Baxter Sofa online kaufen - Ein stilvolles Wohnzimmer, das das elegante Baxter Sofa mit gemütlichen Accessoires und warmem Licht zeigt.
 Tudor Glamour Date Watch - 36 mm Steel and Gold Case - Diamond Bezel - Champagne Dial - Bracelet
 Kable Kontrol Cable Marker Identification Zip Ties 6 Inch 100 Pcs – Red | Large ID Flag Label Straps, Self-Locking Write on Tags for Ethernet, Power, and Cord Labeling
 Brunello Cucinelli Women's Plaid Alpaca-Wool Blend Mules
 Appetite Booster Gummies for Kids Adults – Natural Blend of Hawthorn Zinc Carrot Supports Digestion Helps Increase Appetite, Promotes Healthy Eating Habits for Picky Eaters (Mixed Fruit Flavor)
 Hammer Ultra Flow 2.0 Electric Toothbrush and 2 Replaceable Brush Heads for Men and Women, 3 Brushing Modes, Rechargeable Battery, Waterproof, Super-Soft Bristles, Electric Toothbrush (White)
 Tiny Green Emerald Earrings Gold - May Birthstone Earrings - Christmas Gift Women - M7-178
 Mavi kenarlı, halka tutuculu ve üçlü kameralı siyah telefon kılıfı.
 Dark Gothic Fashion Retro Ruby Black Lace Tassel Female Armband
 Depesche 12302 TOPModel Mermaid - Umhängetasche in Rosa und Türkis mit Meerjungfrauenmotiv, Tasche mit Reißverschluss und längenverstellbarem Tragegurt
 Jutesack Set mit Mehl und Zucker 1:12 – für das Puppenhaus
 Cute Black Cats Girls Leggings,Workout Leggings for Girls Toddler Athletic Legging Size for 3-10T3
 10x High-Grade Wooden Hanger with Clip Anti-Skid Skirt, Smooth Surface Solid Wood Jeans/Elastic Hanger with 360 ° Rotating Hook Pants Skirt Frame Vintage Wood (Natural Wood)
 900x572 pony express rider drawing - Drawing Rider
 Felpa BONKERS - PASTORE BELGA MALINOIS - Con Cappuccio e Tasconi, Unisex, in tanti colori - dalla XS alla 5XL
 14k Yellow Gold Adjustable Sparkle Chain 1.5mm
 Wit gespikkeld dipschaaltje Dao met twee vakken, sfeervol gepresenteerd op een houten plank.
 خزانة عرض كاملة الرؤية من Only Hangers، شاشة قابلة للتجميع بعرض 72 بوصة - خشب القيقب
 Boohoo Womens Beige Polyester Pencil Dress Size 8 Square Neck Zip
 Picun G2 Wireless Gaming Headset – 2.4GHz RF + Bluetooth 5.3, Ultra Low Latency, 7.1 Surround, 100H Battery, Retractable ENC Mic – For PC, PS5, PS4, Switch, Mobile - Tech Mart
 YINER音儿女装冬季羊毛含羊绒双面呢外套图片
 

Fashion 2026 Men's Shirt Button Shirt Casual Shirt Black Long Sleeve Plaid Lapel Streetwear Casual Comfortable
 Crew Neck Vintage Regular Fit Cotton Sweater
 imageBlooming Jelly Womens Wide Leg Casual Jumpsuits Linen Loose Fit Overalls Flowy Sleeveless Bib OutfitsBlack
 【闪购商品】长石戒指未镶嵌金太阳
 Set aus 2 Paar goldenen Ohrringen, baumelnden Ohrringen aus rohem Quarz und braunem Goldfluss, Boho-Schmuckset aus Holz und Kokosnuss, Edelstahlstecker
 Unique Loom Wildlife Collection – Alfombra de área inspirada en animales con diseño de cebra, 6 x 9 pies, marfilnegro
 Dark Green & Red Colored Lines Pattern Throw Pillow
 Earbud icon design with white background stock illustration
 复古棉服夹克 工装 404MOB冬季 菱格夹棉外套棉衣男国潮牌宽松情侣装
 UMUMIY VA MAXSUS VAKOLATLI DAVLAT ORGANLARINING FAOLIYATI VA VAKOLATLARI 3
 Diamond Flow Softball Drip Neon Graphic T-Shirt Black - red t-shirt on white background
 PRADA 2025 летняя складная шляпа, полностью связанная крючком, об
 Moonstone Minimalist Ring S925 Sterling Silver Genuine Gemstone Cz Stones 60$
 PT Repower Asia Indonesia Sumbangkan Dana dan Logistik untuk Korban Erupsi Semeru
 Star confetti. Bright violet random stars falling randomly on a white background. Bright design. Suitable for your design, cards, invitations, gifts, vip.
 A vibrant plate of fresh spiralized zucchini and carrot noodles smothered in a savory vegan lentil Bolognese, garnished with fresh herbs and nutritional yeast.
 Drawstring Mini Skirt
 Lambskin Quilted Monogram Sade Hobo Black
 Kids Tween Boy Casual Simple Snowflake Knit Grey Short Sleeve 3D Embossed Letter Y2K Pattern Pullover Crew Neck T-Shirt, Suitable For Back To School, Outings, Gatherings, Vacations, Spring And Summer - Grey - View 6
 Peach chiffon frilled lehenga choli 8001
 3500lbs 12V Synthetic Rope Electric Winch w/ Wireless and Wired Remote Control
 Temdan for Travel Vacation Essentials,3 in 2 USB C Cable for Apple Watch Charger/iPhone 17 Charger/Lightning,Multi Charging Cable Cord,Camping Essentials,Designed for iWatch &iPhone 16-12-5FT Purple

....................

WHAT YOU HAVE TO DO>
Please show every line of the records that holds the word "Skirt".

RESPONSE TO THIS EXERCISE>
 10x High-Grade Wooden Hanger with Clip Anti-Skid Skirt, Smooth Surface Solid Wood Jeans/Elastic Hanger with 360 ° Rotating Hook Pants Skirt Frame Vintage Wood (Natural Wood)
 Drawstring Mini Skirt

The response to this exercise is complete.